Evangelho XXIII Domingo do Tempo Comum - Ano C - 2013 - Lc 14, 25-33

Continuação dos comentários ao Evangelho XXIII Domingo do Tempo Comum - Ano C - 2013 - Lc 14, 25-33
Jesus deve ser amado com um amor perfeitíssimo
São inestimáveis, e a certo título insuperáveis, o estímulo
e o apoio da família para a santificação
26 “Se alguém vem a Mim, mas não se desapega de seu pai e de sua mãe, sua mulher e seus filhos, seus irmãos e suas irmãs, e até da sua própria vida, não pode ser Meu discípulo”.
Embora algumas versões da Escritura interpretem nesta passagem o sentido do verbo grego μισεω como “desapegar-se”, a Vulgata prefere traduzir o termo μισεῖ por odit (odeia). Daí a formulação clássica deste versículo: “Se alguém vem a Mim e não odeia seu pai, sua mãe, sua mulher, seus filhos, seus irmãos, suas irmãs e até a sua vida, não pode ser Meu discípulo”.3
Ora, como explicar, à luz dos Mandamentos da Lei de Deus, essa prescrição de odiar os parentes mais próximos e até a própria vida? Tirar dela todas as consequências às quais uma consideração superficial pode induzir, não levaria este versículo ao parricídio, ao fratricídio e mesmo ao suicídio? Não terá sido, então, incorreta, por hiperbólica, a tradução de São Jerônimo?
Não parece. Pelo contrário, o uso do verbo odiar sublinha com ênfase didática, neste contexto, o sentido mais profundo das palavras do Mestre: a necessidade de amarmos a Deus acima de tudo, portanto, de nos desapegarmos radicalmente até mesmo do que nos for mais caro, se isto representar um obstáculo para seguirmos a Cristo. Pois Jesus é digno de ser amado com um amor perfeitíssimo, e jamais chegará a ser Seu verdadeiro discípulo quem não estiver disposto a, por causa d’Ele, levar aos últimos extremos o desprendimento: “Quem ama seu pai ou sua mãe mais que a Mim, não é digno de Mim” (Mt 10, 37).

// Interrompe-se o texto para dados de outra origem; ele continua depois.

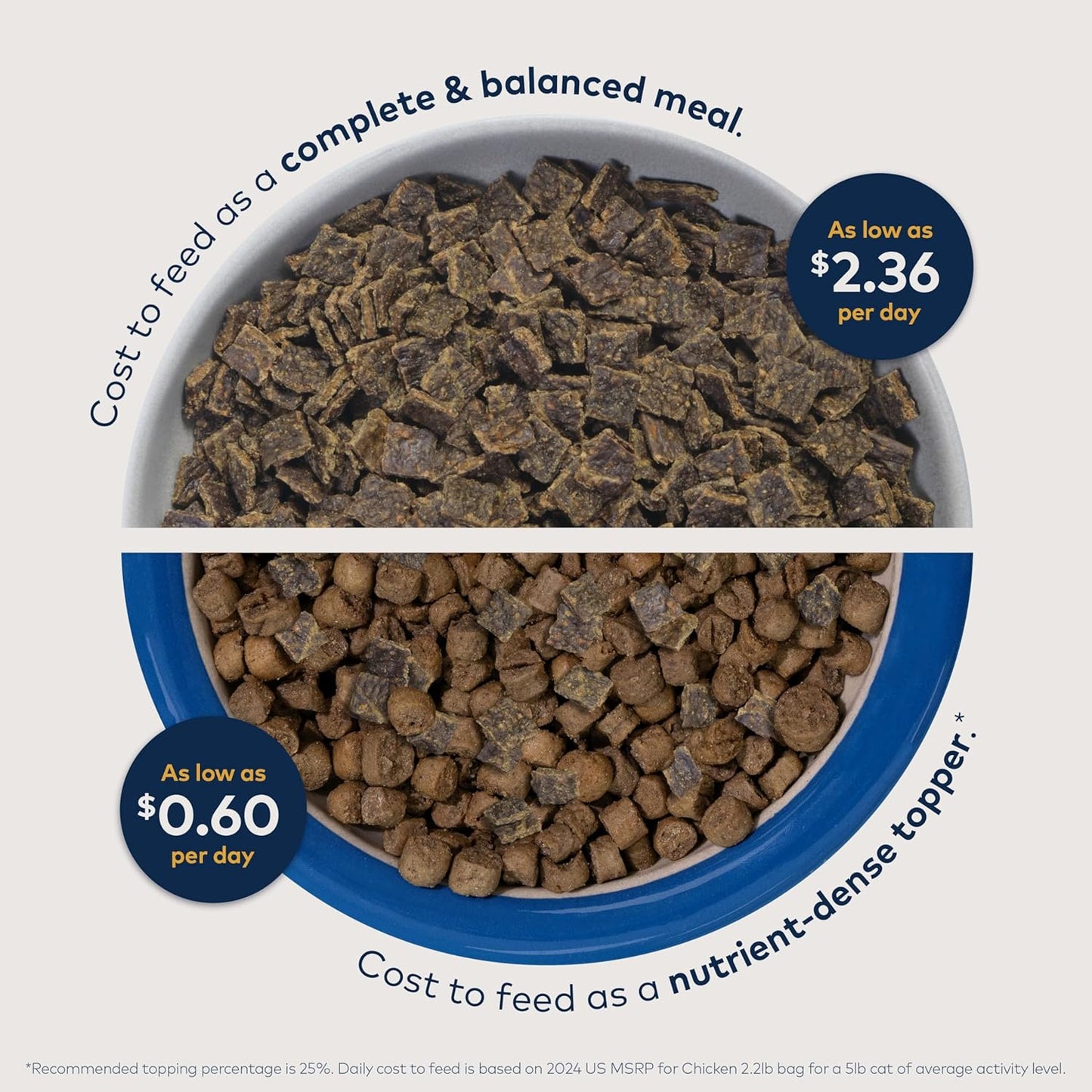 ZIWI Peak Air-Dried Cat Food – Mackerel & Lamb - All Natural, High Protein, Grain Free, Limited Ingredient w/ Superfoods (35.2oz)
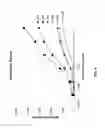 Fig. 08 - Nucleic acids encoding agonistic antibodies that bind CD40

Explica São Tomás, na Suma Teológica, que cabe à virtude da piedade “prestar aos pais culto e serviços, mas dentro das devidas medidas. Ora, não existe devida medida quando se tende a prestar ao homem um culto maior do que aquele que se presta a Deus. [...] Se, por conseguinte, o culto devido aos pais viesse a nos afastar do culto a Deus, já não seria mais piedade filial ficar insistindo num culto que é contra Deus”.4
Deve ser interpretado no mesmo sentido o convite a desapegar-se “até da própria vida”, como bem apontam Balz e Scheider: “A dupla exigência de Jesus — necessidade de odiar os pais e até a si mesmo, por causa d’Ele (Lc 14, 26), e de não amar os pais mais do que a Ele (Mt 10, 37) — tem na realidade este significado: para seguir a Jesus, é preciso pôr tudo de lado”.5
Os inimigos serão os próprios familiares
Ora, como podem pai e mãe, irmão e irmã representarem obstáculos para a nossa salvação?
Para melhor responder a esta pergunta, é útil lembrar outra passagem do Evangelho, correlata à que agora comentamos: “Não penseis que vim trazer paz à terra. Não vim trazer paz, mas sim, a espada. De fato, Eu vim pôr oposição entre o filho e seu pai, a filha e sua mãe, a nora e sua sogra; e os inimigos do homem serão seus próprios familiares” (Mt 10, 34-36).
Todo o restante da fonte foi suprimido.